A bit of caution may be required here.
Normally with the motor stopped for a reasonable period, the refrigerant pressure equalizes across the compressor. When the motor starts up, initially it sees zero back pressure.
As the motor quickly accelerates up to full running speed, the back pressure rises very steeply within a couple of seconds up to full working differential pressure.
Induction motors generally produce very low starting torque without a heavy start winding.
The problem is, that you cannot soft start a piston refrigeration compressor with an induction motor. It will simply stall against the steeply rising pressure at start up, then burn out with a locked rotor. It needs fast violent acceleration up to near synchronous speed before the back pressure can rise sufficiently to be a problem.
You can certainly try to reduce the inrush, and it may just work. But one day it may fail to start, and then the motor may be in trouble.

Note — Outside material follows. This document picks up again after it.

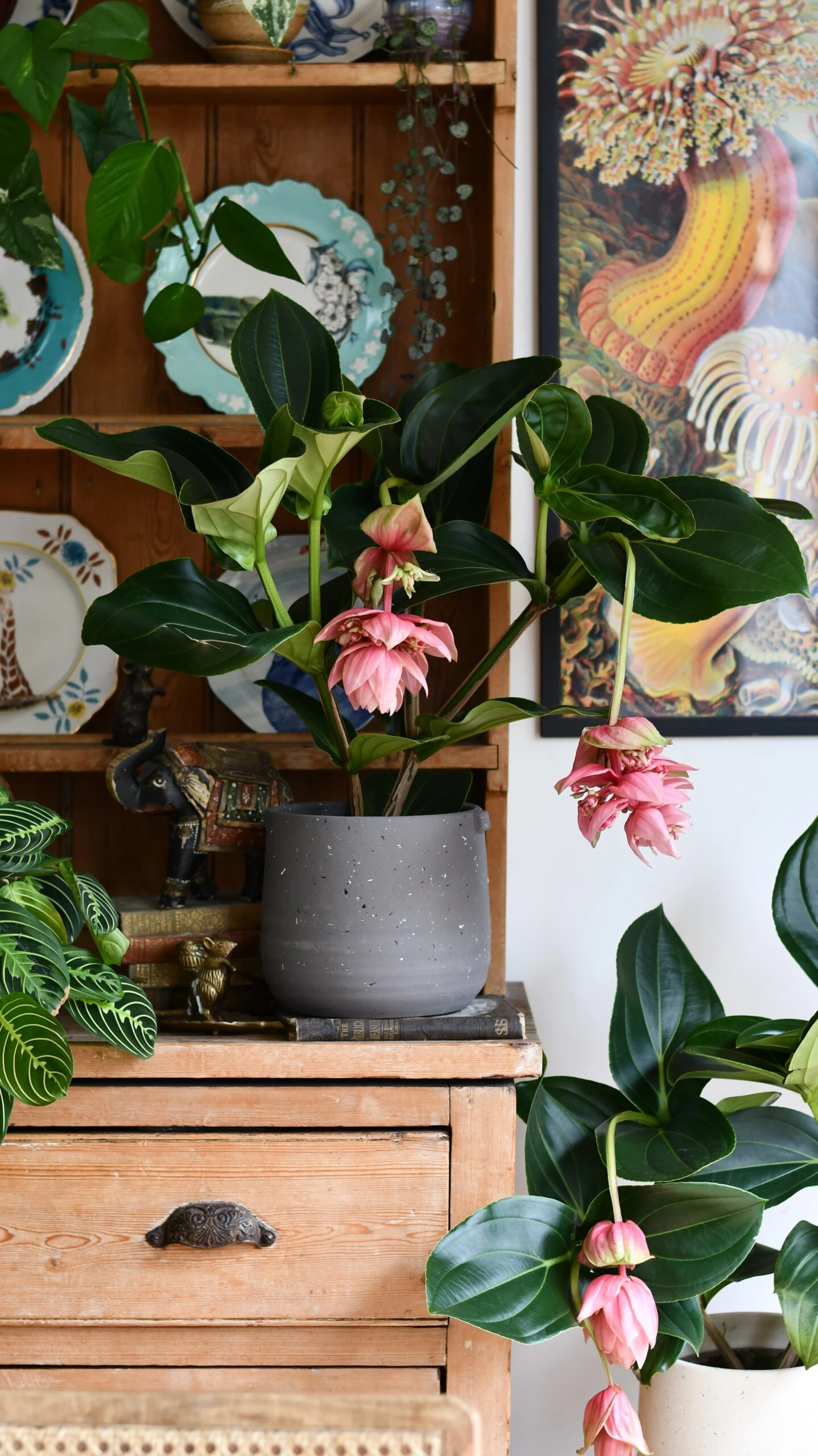 XL Medinilla Magnifica (Philippine Orchid) 7 XL Medinilla Magnifica (Philippine Orchid) - Image 7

The expensive oscillating piston compressors now recommended for off grid use do not have this problem, because the amplitude of oscillation reduces under high back pressure but it can never completely stall into fully locked rotor the way an induction motor driven compressor can stall.
I know my own 120 watt capacitor start induction motor compressor has an inrush of 10.6 amps rms (2.5kW) and it takes fully two seconds to creep back down to 120 watts.
My home brew 1.8 kW sine wave inverter handles that inrush easily even with other loads.